The morning after I woke up to a smell of coffee and Agnese’s face smiling over me.
“I had a strange dream last night,” she began. “There was a liar in my bed who was telling me the truth.”
“Did you have a soft spot for him, a little?”
“I told him to stop thinking over things all the time and to start feeling.”
“Good advice. And what does the chef recommend for breakfast this morning?”
“Something to set you on the right path again.”
She handed me a tray. On it there was a cappuccino, a croissant and the photocopy of a Buddhist prayer.
We need to learn how to control our own minds rather than letting them control us.
My friends, let a new faith fill you. Keep polishing your lives like a mirror, day and night, never pausing to rest.

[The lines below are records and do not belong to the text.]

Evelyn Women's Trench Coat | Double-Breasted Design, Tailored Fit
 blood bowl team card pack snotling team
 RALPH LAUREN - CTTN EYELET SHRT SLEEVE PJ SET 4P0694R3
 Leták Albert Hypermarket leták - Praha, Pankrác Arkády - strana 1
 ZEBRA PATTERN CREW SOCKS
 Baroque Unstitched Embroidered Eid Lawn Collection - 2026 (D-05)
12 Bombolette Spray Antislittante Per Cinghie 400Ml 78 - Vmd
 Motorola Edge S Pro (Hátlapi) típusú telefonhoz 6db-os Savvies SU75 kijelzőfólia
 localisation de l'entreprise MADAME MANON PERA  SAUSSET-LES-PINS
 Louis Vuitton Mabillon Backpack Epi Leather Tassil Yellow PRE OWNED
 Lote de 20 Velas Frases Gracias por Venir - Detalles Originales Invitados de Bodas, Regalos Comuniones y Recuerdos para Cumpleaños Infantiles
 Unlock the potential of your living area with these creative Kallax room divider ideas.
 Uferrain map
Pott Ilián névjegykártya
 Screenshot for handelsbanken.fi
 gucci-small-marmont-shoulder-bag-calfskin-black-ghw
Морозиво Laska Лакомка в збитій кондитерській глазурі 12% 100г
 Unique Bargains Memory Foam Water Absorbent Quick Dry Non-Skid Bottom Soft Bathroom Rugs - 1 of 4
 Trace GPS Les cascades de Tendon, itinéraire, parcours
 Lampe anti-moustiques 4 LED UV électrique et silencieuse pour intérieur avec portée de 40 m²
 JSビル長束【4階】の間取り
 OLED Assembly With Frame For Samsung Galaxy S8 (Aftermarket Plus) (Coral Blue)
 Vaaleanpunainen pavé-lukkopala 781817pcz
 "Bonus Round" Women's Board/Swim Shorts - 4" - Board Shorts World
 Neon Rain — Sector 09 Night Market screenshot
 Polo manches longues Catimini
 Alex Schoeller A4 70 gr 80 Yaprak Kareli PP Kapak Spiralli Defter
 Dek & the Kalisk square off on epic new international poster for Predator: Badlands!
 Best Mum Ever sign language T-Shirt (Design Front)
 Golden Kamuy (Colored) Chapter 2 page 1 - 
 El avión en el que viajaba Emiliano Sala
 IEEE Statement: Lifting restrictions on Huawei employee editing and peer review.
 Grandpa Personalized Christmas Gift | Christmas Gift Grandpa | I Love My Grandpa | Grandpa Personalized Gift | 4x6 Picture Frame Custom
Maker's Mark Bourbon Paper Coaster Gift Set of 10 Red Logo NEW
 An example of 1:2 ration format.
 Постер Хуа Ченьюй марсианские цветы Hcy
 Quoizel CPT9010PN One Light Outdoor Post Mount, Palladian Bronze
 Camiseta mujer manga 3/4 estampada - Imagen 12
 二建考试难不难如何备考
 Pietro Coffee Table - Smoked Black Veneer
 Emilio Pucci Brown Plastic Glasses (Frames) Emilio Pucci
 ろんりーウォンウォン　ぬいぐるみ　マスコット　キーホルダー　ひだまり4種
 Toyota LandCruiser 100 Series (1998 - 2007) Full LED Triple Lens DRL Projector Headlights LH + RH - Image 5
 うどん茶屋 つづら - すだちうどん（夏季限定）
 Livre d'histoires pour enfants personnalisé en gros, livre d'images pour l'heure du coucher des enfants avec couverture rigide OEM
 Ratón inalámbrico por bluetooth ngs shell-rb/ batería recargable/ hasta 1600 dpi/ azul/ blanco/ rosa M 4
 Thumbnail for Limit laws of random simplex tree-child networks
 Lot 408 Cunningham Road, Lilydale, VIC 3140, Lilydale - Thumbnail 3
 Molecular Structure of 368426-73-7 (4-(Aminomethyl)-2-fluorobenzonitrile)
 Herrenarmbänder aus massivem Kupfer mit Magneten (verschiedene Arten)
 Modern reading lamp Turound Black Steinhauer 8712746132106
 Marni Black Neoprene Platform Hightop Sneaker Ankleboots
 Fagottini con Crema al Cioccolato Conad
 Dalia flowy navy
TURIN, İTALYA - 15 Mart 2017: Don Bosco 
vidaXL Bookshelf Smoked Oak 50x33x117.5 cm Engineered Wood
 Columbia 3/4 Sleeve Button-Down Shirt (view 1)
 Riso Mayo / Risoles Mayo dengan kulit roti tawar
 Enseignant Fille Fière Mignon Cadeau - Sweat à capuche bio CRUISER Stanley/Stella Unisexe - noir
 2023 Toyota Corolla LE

Learn to dominate your self, learn how to control with skill the reins of that wild horse, the mind. And then you will be free to run with the wind . . .
twenty-four
But I’d never learnt to ride, and the mind kept unsaddling me. I was too accustomed to trying to work everything out in my head to be able to surrender to the spiritual.
I sought refuge in the familiar world of work: that circle of journalists, politicians and intellectuals who choose to frequent the privileged milieu of Rome’s airiest, most elegant terraces. If you want to avoid any possibility of self-examination, exchanging tidbits of gossip with the powerful is a sure-fire method for doing so.